I'm sure most of those "science for kids" book authors never tried a single one of their experiments.
my grandma saw and told me to use the rest of the string and sugar I had, enough for 12 more tries, and do them at once but in different areas of the house
only two actually grew but i learned the value of spreading risk and unknown unknowns ( much later, on reflection :) )
They should at least recommend distilled water because tap water impurities vary greatly from place to place.
On the other hand, there was one time I had to do a short no-iodine diet and it was pain in the ass. I had had to go out of the way to find non-iodized salt and good luck finding any pre-packaged food without iodized salt...
I’m not sure about purity or anti-caking, although some brands are advertised as high purity. You can even get it delivered in the US: https://www.amazon.com/s?k=pool+salt
Perhaps look at the 20kg bags of food salt sold at wholesalers, which might not be iodised. I recall seeing one at a Chinese store, but I’m in New Zealand, so I’m unsure about the US.
On the other hand, being the competitive person who excels in science projects is often a very good predictor for being able to handle the tedium of a scientific lab job.

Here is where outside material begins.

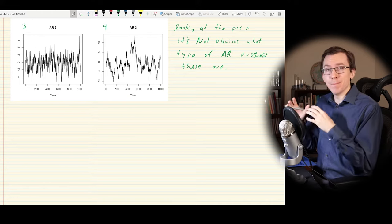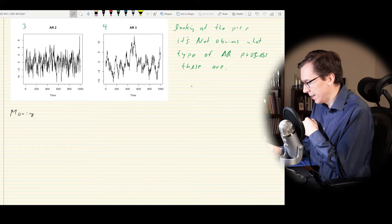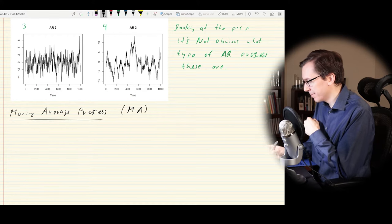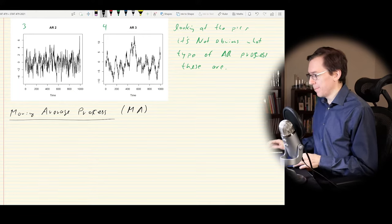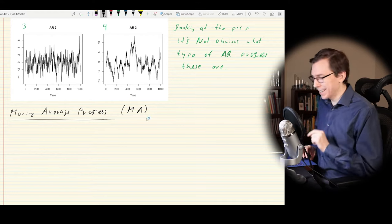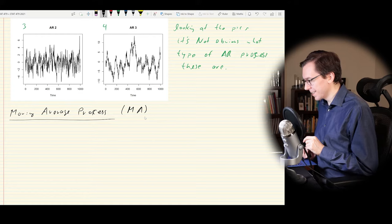The autoregressive process forms one major cornerstone of what we'll be discussing in this course. The other major piece is the moving average process.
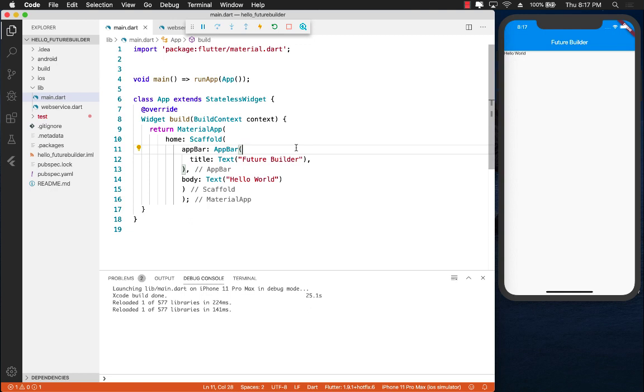Hello everyone and welcome to the Atom Sharp channel. In this video I'm going to show you how you can use FutureBuilder in Flutter applications.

These can be two different things:
1. Constructive help from parents has (at least) two components. First, it shows your child you care. This may seems small, but it’s not. Second, and I think this is what a lot of HNers would appreciate, is to help your child to develop good processes. There is a lot that goes into this, and it can be parent-centered or child-centered, but having your child reflect on process and (ideally) implement some good processes can really set them up for later in life. Imho, parents should have to write a short narrative about what involvement they had in their child’s project, if any. This is required at some of the local schools where I live.
2. Having the parents do the project for the child is just silly. Most decent teachers can see through this (assuming they care). Congrats to the adult parent for winning elementary school or middle school as an adult. :-/
As such I love DIY science like this.
Regarding crystals, I have scanned in and cleaned up two projects relating to crystals:
http://underlandia.com/index.php/2017/09/24/things-of-scienc...

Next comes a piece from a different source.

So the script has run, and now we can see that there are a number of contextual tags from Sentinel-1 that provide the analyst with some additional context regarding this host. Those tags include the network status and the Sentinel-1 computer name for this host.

http://underlandia.com/index.php/2020/08/21/things-of-scienc...
Of course, I'd not want to do her work for her, but more than equally, I'd be quite happy to have a '5% We-encouraging' in her vocabulary when it comes to her explaining herself. What parent wouldn't, if they can?
I wish my parents had shown interest in stuff like this and supported me to some degree. It’s not about doing the whole project for the kids but showing interest is super helpful. I often gave up on stuff because my dad would basically say “what’s this nonsense for?”
I noticed this when read books about Steve Wozniak and Richard Feynman. Their dads showed interest and encouraged them to explore the world and also challenged them from time to time.
It took me many years later to understand that those kids were actually getting help from their parents and I was not that bad actually
Perhaps it's you taking this children's assignment too seriously. Was the goal really to find who could grow the best sodium crystal, or was it to teach them how to manage a small project and learn a bit of chemistry? Did your daughter learn anything about those things?
That teacher has a bunch of other kids to educate. Maybe they don't care, or maybe you just have your priorities screwed up a bit.
But perhaps also a good life lesson because that happens all the time. It’s good to try and develop a healthy self-driven passion. Oh, you don’t care? That’s fine because I do and I learned a lot.
It doesn't sound as suitable for a take home project
We just accept this as normal. Nothing is less normal than a bunch of children growing up in a building sitting in chairs all day. In an environment that is strictly controlling with harsh limitations on freedom of speech, no tolerance policies for all sorts of relatively innocuous things, and a forced secularism as to ingrain in students the unimportance of spirituality, physical health, personal liberty, and nature. And lets rid ourselves of this notion this is about education, because it isn't. Every step of school is focused on obedience and preparing them for the next step so they will be able to get a job. It is the perfect way to mold a child into an obedient wage slave.
I am picturing you over a mortar and pestle crushing the salt of your enemies whilst a single tear falls into the mix - and en-vigorating (filling with life) - the salt of your defeated enemies..
Check out his copper sulfate crystals if you want something really visually impressive: https://crystalverse.com/best-way-to-grow-copper-sulfate-cry...
I know what I’m doing this weekend with my crystal-obsessed daughter and the bag of copper sulfate I forgot on top of the fridge.
You'll need potassium hydrogen tartrate (cream of tartar), sodium hydrogen carbonate (baking soda), and calcium chloride (sold as DampRid or Pickle Crisp).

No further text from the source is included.